The Origins of Six Degrees of Separation and the power of social media for business


Yesterday I spoke to a terrific group of people about developing a social media strategy and programme. The event was organised by that super networker Sean Grobbelaar. I spent quite a lot of time talking about innovation and the importance of connecting with tribes as you plan your social media campaign. The concept of tribes and finding super connectors is not new. We all feel closer together because of the power of the web and indeed more so than ever with the advent of new social media platforms that bring us together often with networks and friends that we may even have lost contact with at some point in our lives. So when we casually say 'gosh isn't the world a small place and it only takes six degrees of separation before I meet someone we mutually know' what does that really mean?

In the late 1960's well before the advent of the internet, psychologist Stanley Milgram conducted an experiment to find an answer to what is know as the small world problem. The problem is this: how are we humans connected? Do we all belong to separate worlds, operating simultaneously but autonomously, so that the links between any two people, anywhere in the world, are few and distant? Or, are we all bound up together in a grand interlocking web?

What Milgram was asking has a great deal of relevance to the success or failure of some social media programmes, that being how does an idea or trend or piece of news - travel through the population?

Milgram's idea to test this question was a chain letter. He got the names of 160 people who lived in Omaha, Nebraska, and mailed each of them a packet. In the packet was a name of a stockbroker who lived in Sharon, Massachusetts. Each person was instructed to write his or her name on the packet and send it onto a friend or acquaintance who he or her thought would get the packet closer to the stockbroker. If you lived in Omaha and had a cousin outside of Boston, for example, you might send it to him, on the grounds that - even if your cousin did not himself know the stockbroker - he would be a lot more likely to be able to get to the stockbroker in two or three or fours steps.

The idea was when the packet finally arrived at the stockbroker's house, Milgram could look at the list of all those who hands it went through to get there and establish how closely connected someone chosen at random from one part of the country was to another person in another part of the country.

Milgram found that most of the letter's reached the stockbroker in five or six steps. This experiment is where we get the concept of six degrees of separation.

This phrase is so familiar to most of us today that we lose sight of how surprising Milgram's findings were. Most of us don't have particular broad and diverse groups of friends.

When Miilgram analyze his experiment to determine how did the packet get to Sharon in just five steps, the answer was not all degrees are equal. He found that many of the chains from Omaha to Sharon followed the same asymmetrical pattern. Twenty four letters reached the stockbroker at his home in Sharon, and of those sixteen were given to him by the same person, a clothing merchant Milgram calls Mr Jacobs. The balance of the letters came to the stockbroker at his office, and of those the majority came through two other men, whom Milgram calls Mr Brown and Mr Jones.

In all, half of the responses that came back to the stockbroker were delivered to him by these same three people.

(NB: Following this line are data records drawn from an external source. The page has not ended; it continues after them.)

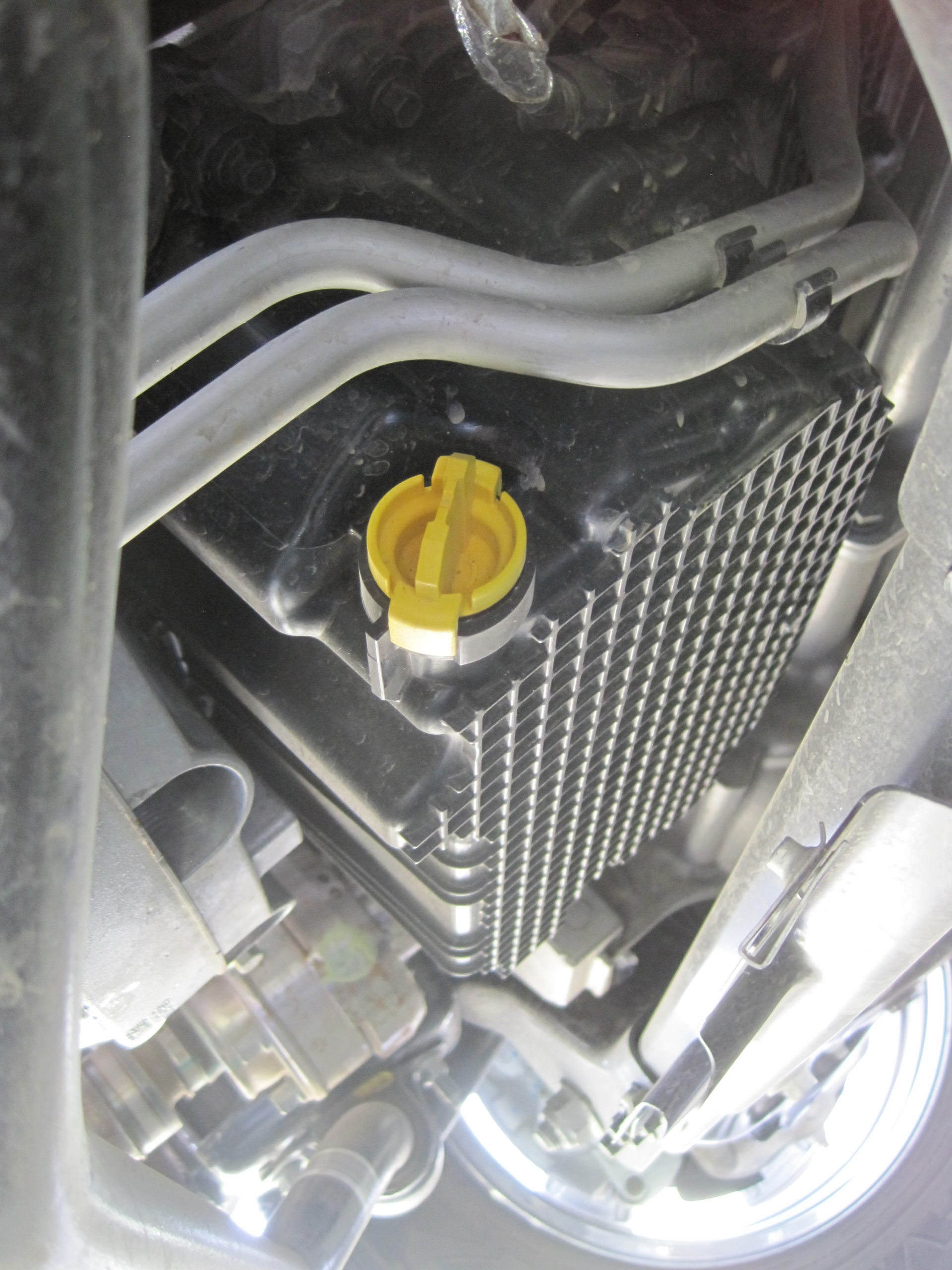 image shows plastic drain plug inserted into fords plastic oil pan for 2.7L ecoboost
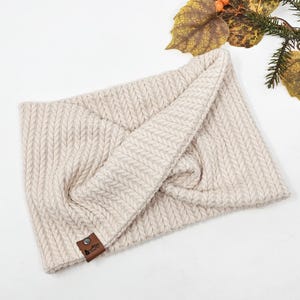 May include: A cream knitted headband with a brown leather tag. The headband is folded in half and has a subtle herringbone pattern.
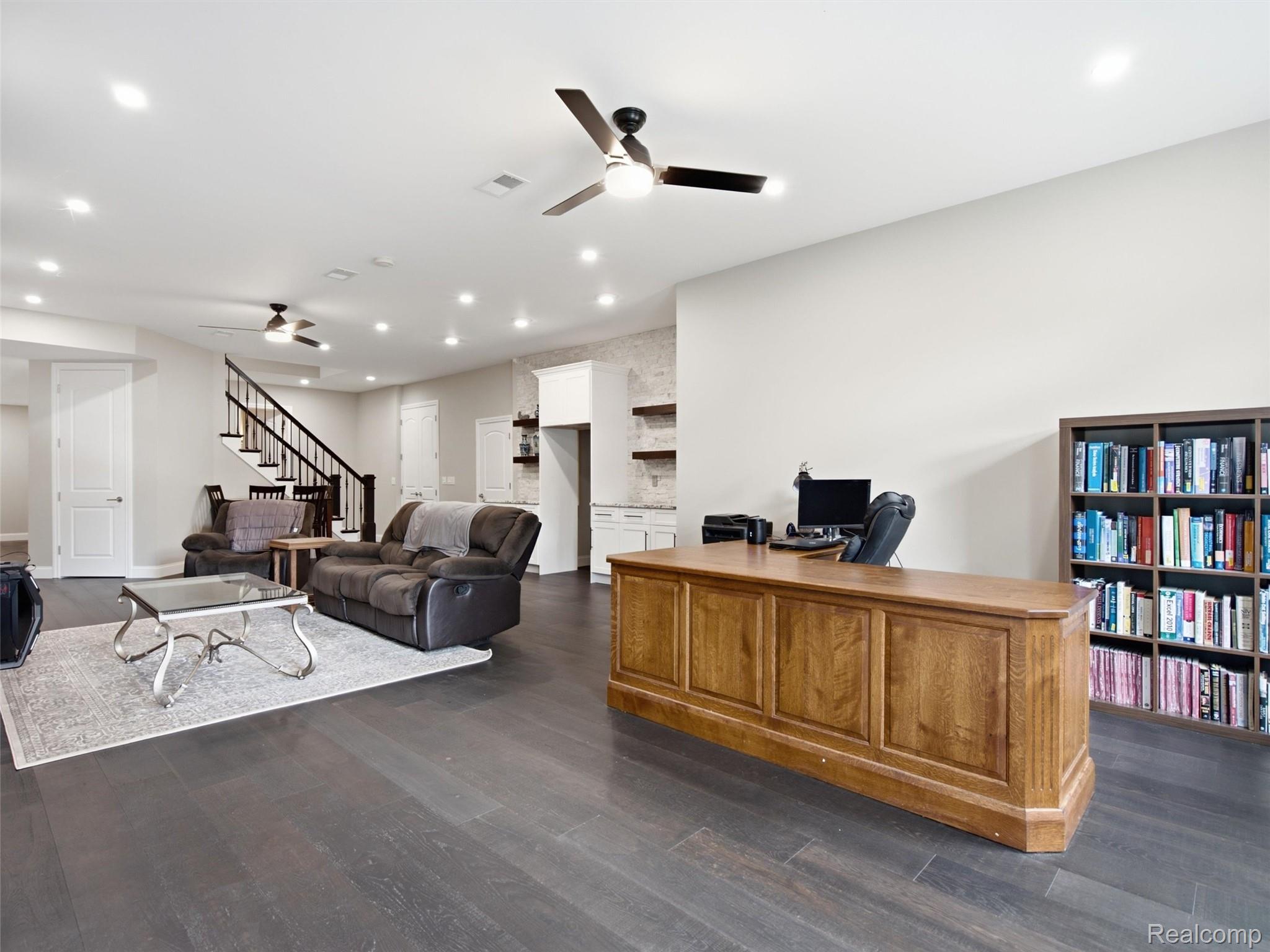 Open-plan living room and office with gray recliners, a large wooden desk, and dark flooring.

Think about it. Dozens of people, chosen at random from a large Midwestern city, send out letters independently. Some go to college acquaintances. Some send their letters to relatives. Some send letters to old workmates and so on. Yet in the end when all those chains were completed, half of those letters ended up in the hands of Jacobs,Jones and Brown.

Six degrees of separation doesn't mean that everyone is linked to everyone else in just six steps. It means that a very small number of people are linked to everyone else in a few steps, and the rest of us are linked to the world through those special people.

These people who we rely on heavily are 'connectors', people with a special gift for bringing the world together. We'll talk more about the traits of these special people in a later post, that too is a fascinating insight.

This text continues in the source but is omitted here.